Starting with the line that includes "WA license plate AAA5011", write out every remaining line of the records below exactly as it appears, leaving out any images.
((
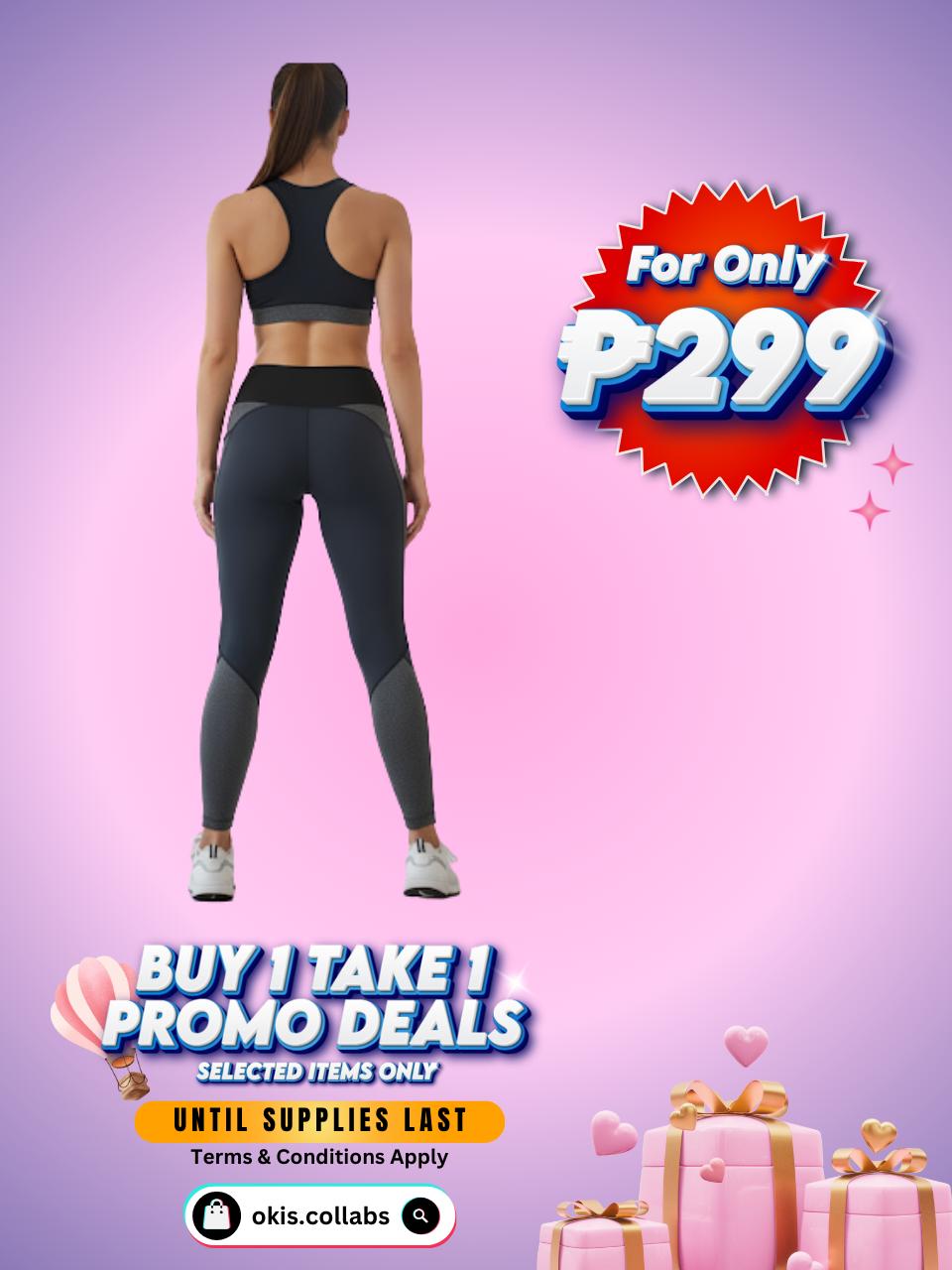 [BUY 1 TAKE 1 FREE] Women's Cotton Sports Wear Leggings Black Color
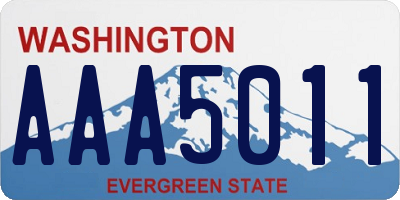 WA license plate AAA5011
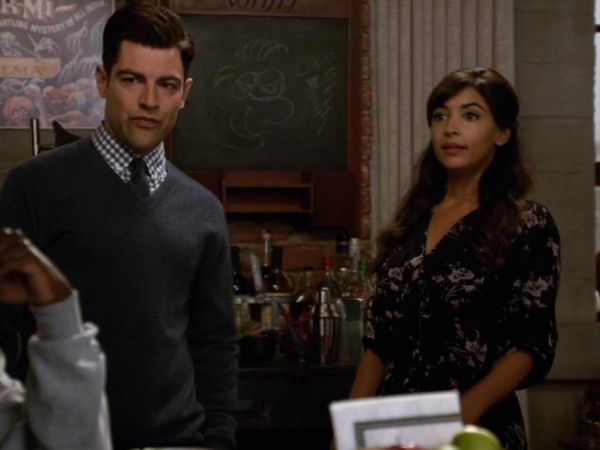 Cece Parekh's Long-Sleeve Floral-Print Silk Shirtdress, Black on New Girl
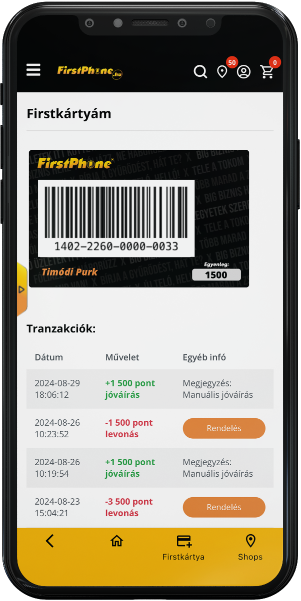 FirstApp: Firstkártya nach der Registrierung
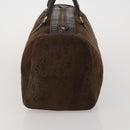 Christian Dior Trotter Boston Bag Suede Brown Gold Tone Auth ep15800-4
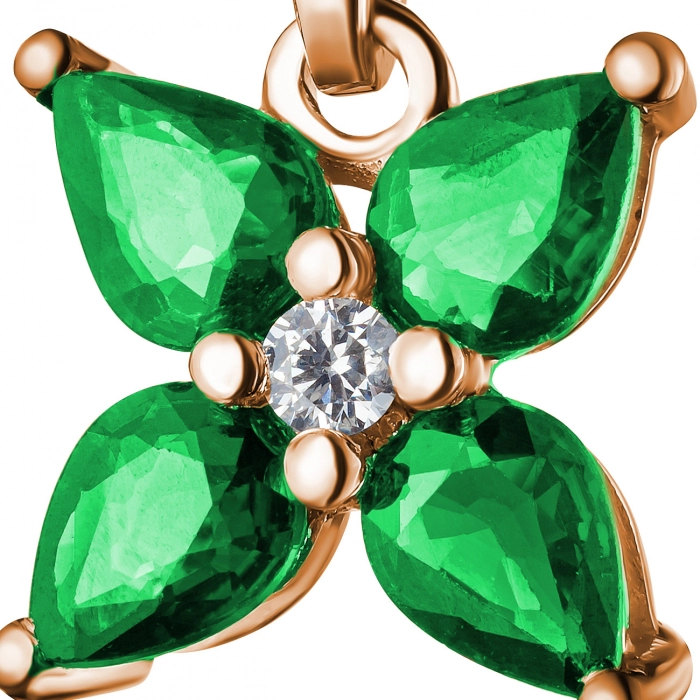 GOLD PENDANT WITH EMERALDS AND DIAMONDS - П506.1и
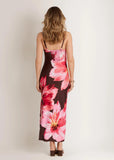 Hibiscus Floral Maxi Dress Brown Floral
))
Your response
 WA license plate AAA5011
 Cece Parekh's Long-Sleeve Floral-Print Silk Shirtdress, Black on New Girl
 FirstApp: Firstkártya nach der Registrierung
 Christian Dior Trotter Boston Bag Suede Brown Gold Tone Auth ep15800-4
 GOLD PENDANT WITH EMERALDS AND DIAMONDS - П506.1и
 Hibiscus Floral Maxi Dress Brown Floral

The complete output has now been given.